Galgo – Há não só uma relação profissional, mas também a vontade em fomentar a amizade entre as pessoas. Isso acabou por acontecer naturalmente e foi importante não só para nos relacionarmos muito melhor, mas para ter uma cadência de trabalho muito mais fluída. Foi importante saber que tipo de pessoas eles contactam e para nós saber que tipo de pessoas são, e não alguém distante com quem teríamos uma ligação muito menos próxima. Inicialmente o Fábio acompanhava-nos na estrada, é um bom driver ou quase sempre (risos), e passávamos tempo com ele antes e depois dos concertos. O feedback que eles dão depois dos concertos, não só deles, mas do que vão ouvindo isso também é muito importante.

MDX – A Mira também agencia os Qer Dier entre outras bandas. Como é a relação entre vocês e essas bandas? Há partilha de experiências?

Galgo – Com outras bandas ainda não tivemos assim tantos contactos. O nosso contacto dá-se mais com a Mira porque foram as primeiras pessoas com quem temos trabalhado e também porque fomos a primeira banda da Mira. Como tal sempre tivemos um contacto próximo com eles, mas não tanto com outras bandas. Por acaso não temos nenhuma viagem em conjunto com nenhum deles. Mas não quer dizer que num futuro isso não venha a acontecer.

Com os Qer Dier é diferente até porque já partilhámos palco com eles, uma vez em Coimbra no Aqui Base Tango e outra na Figueira da Foz, e eu (Alexandre Moniz) faço parte da banda, logo é natural que tenhamos esta relação mais próxima.

MDX – Partindo para a gravação do disco – Em que estúdio é que foi e porquê a escolha do mesmo?

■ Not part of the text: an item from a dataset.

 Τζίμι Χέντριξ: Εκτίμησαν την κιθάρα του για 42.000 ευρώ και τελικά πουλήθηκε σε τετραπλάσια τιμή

Galgo – Gravámos no Haus, que está ligado aos Paus, porque já tínhamos a ambição de trabalhar com eles. Já conhecíamos o trabalho do Makoto Yagyu, que foi um dos produtores juntamente com o Fábio Jevelim, e sempre nos associámos ao estilo musical deles. Por outro lado, a experiência que eles têm também foi muito importante, e gostávamos muito dos sons que eles produziam e que conseguiam captar, por exemplo da bateria. Identificamo-nos muito com essa abordagem ao som, que para nós é o mais importante na verdade. Acabou por ser a melhor opção. Foram não só simpáticos e amigos como bastante profissionais. E também o Miguel Abelaira (Quelle Delle Gazelle) que de vez em quando clickava no space (risos).

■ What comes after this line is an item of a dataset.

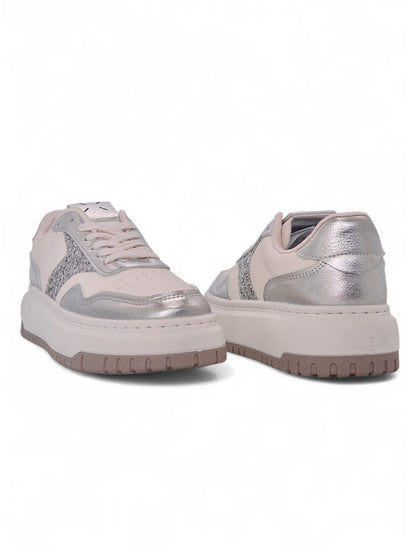 13560 - Tenis Urbanas para Mujer en Blanco con Detalles Plateados y Brillantes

20160921 - Entrevista - Galgo @ Galegas 7 (Cais do Sodré)

MDX – Partindo para o que chamo de inquietações geracionais e sendo vocês da época da internet por que é que sentiram a necessidade de fazer o circuito tradicional de tocar ao vivo – gravar álbum – promover álbum através de tour. Há mesmo essa necessidade de ter um álbum? Não bastava pô-lo no Bandcamp por exemplo?

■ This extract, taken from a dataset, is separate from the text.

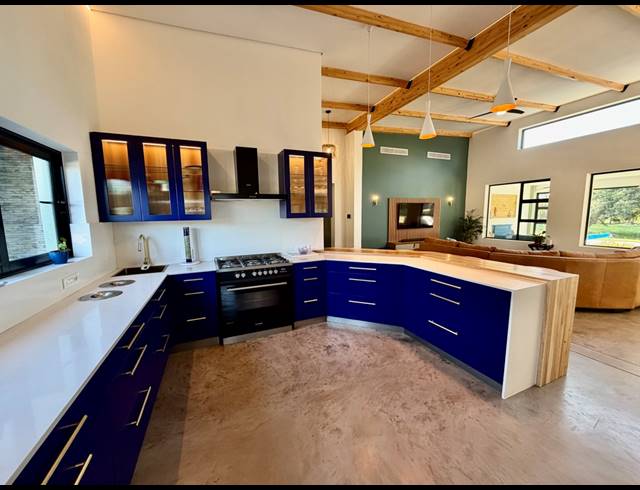 10,080M² SMALLHOLDING FOR SALE IN MORNING STAR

Galgo – É claro que nos poderíamos limitar a tocar, mas pensamos que é importante mostrar às outras pessoas o que tocamos. Alguns dos temas que aparecem neste primeiro trabalho já são temas antigos, daí a necessidade que tínhamos em os mostrar, uma vez que não estavam no EP. Além disso, introduzimos algumas músicas novas, que fomos criando enquanto andávamos em tour e algumas delas bem recentes, e toda essa motivação que ia para lá dos quatro temas que aparecem no EP, isso também fez com que quiséssemos gravar o Pensar Faz Emagrecer.

É também uma forma de podermos chegar ainda a mais pessoas. Começámos a tocar juntos há quatro anos, e é para todos nós verdadeiramente a nossa primeira experiência enquanto banda, tocar ao vivo. Quando gravámos o EP e com os concursos aquilo começou a explodir e de repente estávamos a tocar em várias cidades do país. Na nossa perspectiva foi um pouco fazer o que as outras bandas fazem. Somos um grupo ingénuo (risos), novos e ainda a ver o que se passa. Ao mesmo tempo vimos que havia alguma potencialidade em termos de público e sentimos a necessidade de pôr cá para fora o que andávamos a fazer, tanto em formato digital, como em formato físico.

MDX – Normalmente entende-se o álbum como um todo, onde a parte gráfica também assume um papel muito importante. Quais foram as vossas preocupações nesta matéria?

Rute Soares – A liberdade que os Galgo me deram foi total. No fundo passam-me as músicas, ouço-as, falo com eles e começo a pensar quais são as melhores opções. Esta relação já vem de algum tempo. Comecei a assistir aos ensaios deles, uma das vezes levei o portátil e comecei a desenhar uns quantos Galgos. Durante os ensaios levo alguns esboços, começo a ouvir o som que eles fazem e a partir daí começo a tentar transmitir um feeling. Então, fiquei encarregue de desenhar as cenas deles. Isto desde o início, para aí 2014. É no fundo uma interpretação do som transmitida para as imagens.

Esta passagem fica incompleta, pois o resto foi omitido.